┏━━

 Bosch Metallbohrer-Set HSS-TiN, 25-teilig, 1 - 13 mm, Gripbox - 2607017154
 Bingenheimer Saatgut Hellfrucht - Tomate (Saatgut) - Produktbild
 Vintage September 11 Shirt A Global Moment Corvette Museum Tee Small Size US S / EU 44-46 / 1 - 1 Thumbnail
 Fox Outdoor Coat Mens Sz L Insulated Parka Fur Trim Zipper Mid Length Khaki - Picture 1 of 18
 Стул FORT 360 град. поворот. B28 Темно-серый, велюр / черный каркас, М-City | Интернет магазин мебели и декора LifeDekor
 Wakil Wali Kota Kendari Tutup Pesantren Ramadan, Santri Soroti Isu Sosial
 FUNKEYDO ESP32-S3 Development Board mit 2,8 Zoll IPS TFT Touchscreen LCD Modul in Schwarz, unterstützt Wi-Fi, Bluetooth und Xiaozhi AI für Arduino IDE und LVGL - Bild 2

┗━━

Requirement -
From the line containing "Wakil Wali Kota" down to the last line of the material, each line is to be retyped exactly; no other lines belong in the answer.

Problem solution -
 Wakil Wali Kota Kendari Tutup Pesantren Ramadan, Santri Soroti Isu Sosial
 FUNKEYDO ESP32-S3 Development Board mit 2,8 Zoll IPS TFT Touchscreen LCD Modul in Schwarz, unterstützt Wi-Fi, Bluetooth und Xiaozhi AI für Arduino IDE und LVGL - Bild 2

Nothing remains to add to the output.